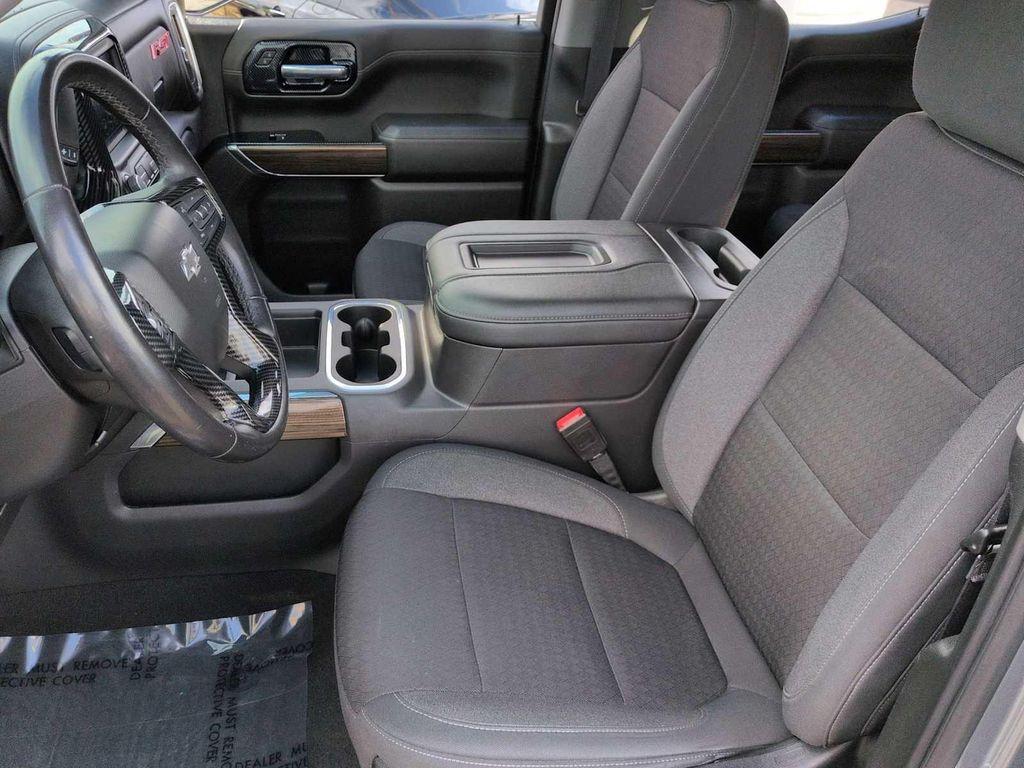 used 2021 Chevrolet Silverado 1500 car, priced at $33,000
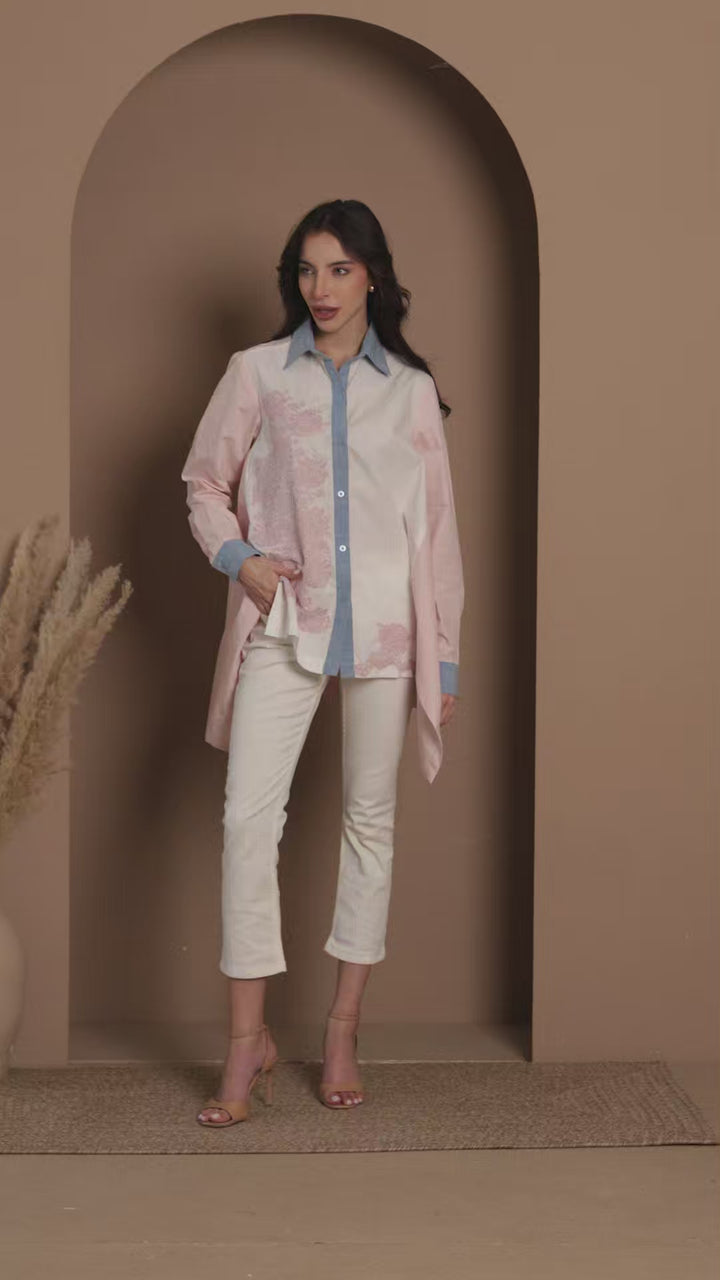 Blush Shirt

...

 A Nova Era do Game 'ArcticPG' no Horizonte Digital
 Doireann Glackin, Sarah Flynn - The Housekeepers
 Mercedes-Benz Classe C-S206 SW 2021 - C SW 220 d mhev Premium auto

--

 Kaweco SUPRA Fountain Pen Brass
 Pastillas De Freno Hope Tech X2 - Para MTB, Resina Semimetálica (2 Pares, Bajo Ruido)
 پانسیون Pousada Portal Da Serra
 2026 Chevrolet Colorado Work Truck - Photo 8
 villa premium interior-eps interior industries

WHAT IS BEING ASKED:
Please output the lines above beginning at the line with "used 2021 Chevrolet" and ending after the line with "Blush Shirt", precisely as written and with no pictures.

RESULT FOR THIS EXERCISE:
 used 2021 Chevrolet Silverado 1500 car, priced at $33,000
 Blush Shirt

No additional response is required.